(Stored data)
##############################
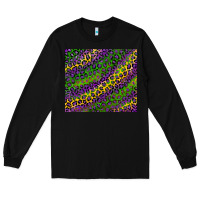 Black mardi gras leopard background Long Sleeve Tee - RanaPortraitStore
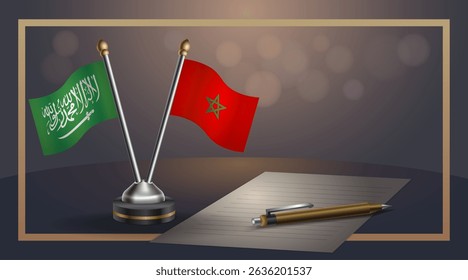 Small national flag of Saudi Arabia and Morocco flag Relation, Template banner vector Illustration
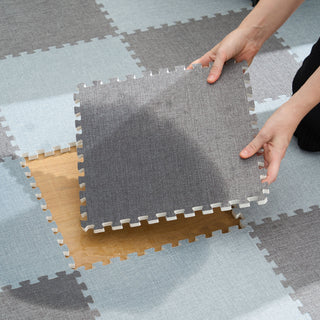 Linen-Style Patchwork Play Pet Friendly Mat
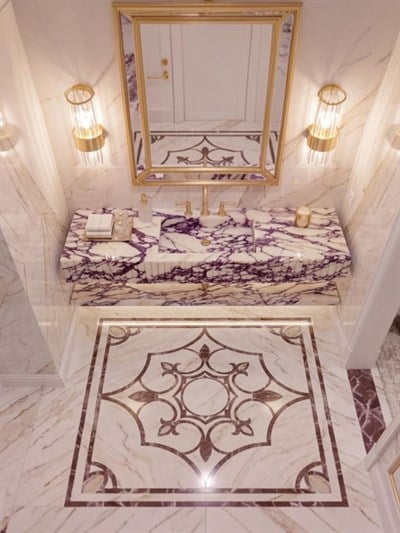 Oluklu Calacatta Viola Raflı Mermer Lavabo - AMSK26027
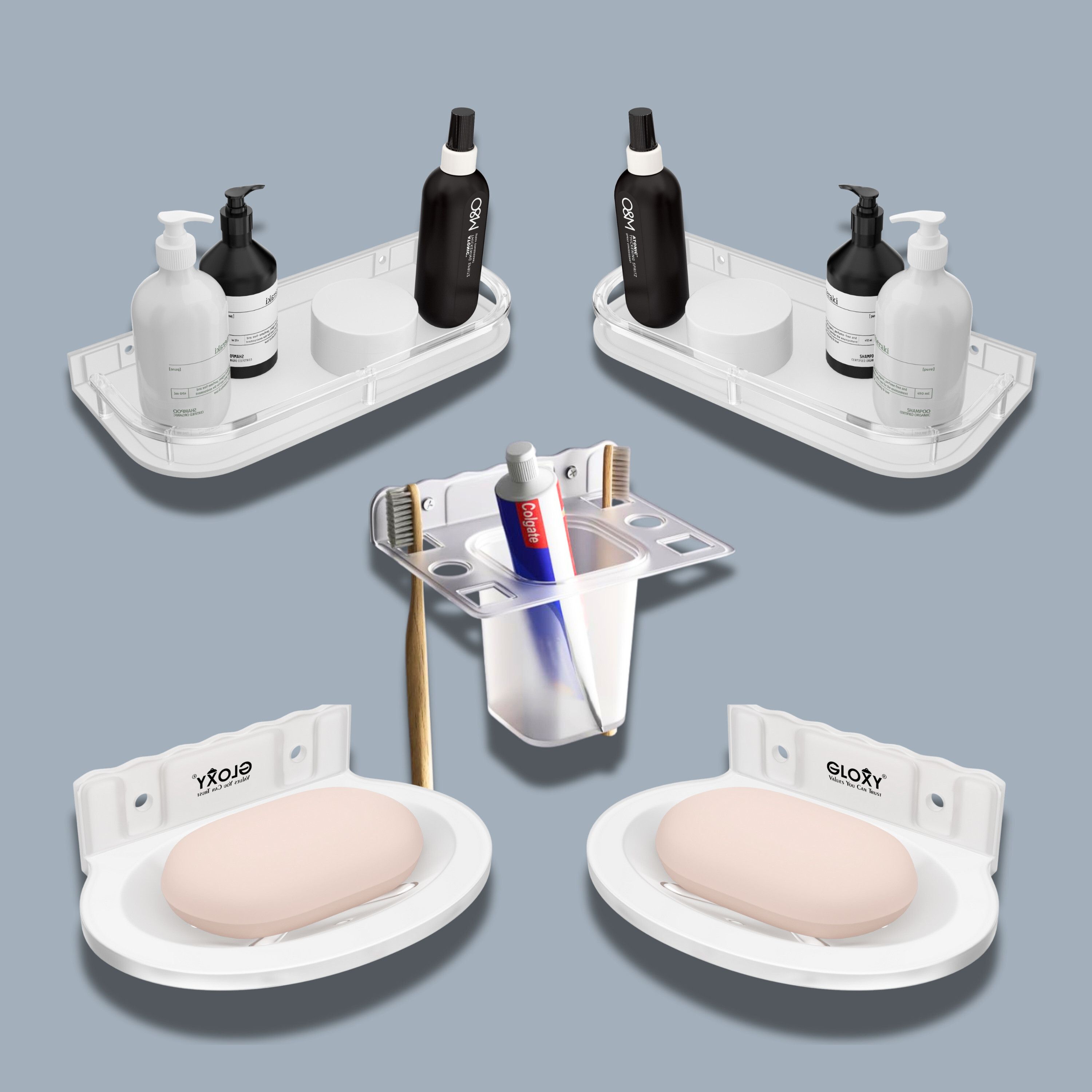5 in 1 Acrylic Bathroom Wall Shelf Combo Set|Soap Dish, Shelf & Toothbrush Stand Acrylic Toilet Paper Holder-image-29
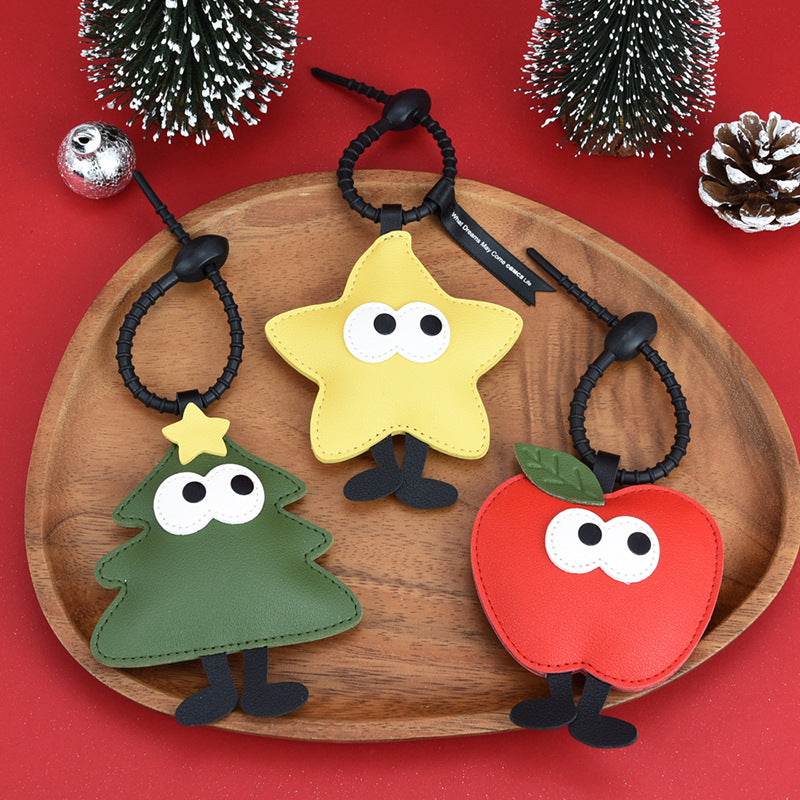 Christmas Tree Apple Keychain Cute Cartoon PU Leather Pendant Gift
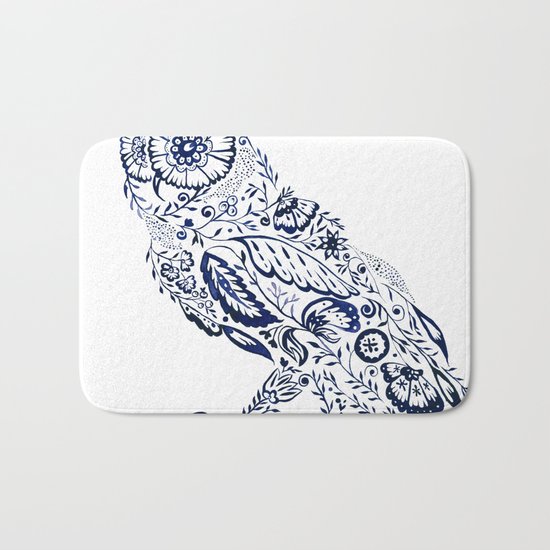 Folk Floral Indigo Owl Bath Mat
##############################
TASK TO COMPLETE: Omitting the images, output each record precisely as written.

RESULT FOR THIS TASK:
 Black mardi gras leopard background Long Sleeve Tee - RanaPortraitStore
 Small national flag of Saudi Arabia and Morocco flag Relation, Template banner vector Illustration
 Linen-Style Patchwork Play Pet Friendly Mat
 Oluklu Calacatta Viola Raflı Mermer Lavabo - AMSK26027
5 in 1 Acrylic Bathroom Wall Shelf Combo Set|Soap Dish, Shelf & Toothbrush Stand Acrylic Toilet Paper Holder-image-29
 Christmas Tree Apple Keychain Cute Cartoon PU Leather Pendant Gift
 Folk Floral Indigo Owl Bath Mat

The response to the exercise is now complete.